## Work order
Only one stretch of the records below is wanted: the lines from the one holding "Yoda buvant une bière emoji" through the one holding "Deportivos Mujer Piel". Return it exactly, both ends included.
::: Records for this exercise :::
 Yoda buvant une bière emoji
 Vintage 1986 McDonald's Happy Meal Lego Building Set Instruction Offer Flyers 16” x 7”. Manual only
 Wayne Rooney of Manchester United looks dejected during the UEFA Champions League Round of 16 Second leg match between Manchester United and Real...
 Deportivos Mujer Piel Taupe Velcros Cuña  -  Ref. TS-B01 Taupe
:::
::: Records for this exercise :::
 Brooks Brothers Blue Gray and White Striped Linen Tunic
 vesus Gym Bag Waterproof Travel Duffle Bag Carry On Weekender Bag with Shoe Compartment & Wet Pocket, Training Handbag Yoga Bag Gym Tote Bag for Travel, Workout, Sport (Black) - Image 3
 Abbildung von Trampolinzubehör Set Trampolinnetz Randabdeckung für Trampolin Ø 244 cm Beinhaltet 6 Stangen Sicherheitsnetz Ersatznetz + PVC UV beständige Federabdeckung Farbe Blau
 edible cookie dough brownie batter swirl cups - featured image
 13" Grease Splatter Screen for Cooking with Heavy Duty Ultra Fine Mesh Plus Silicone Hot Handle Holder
:::
## Answer space
 Yoda buvant une bière emoji
 Vintage 1986 McDonald's Happy Meal Lego Building Set Instruction Offer Flyers 16” x 7”. Manual only
 Wayne Rooney of Manchester United looks dejected during the UEFA Champions League Round of 16 Second leg match between Manchester United and Real...
 Deportivos Mujer Piel Taupe Velcros Cuña  -  Ref. TS-B01 Taupe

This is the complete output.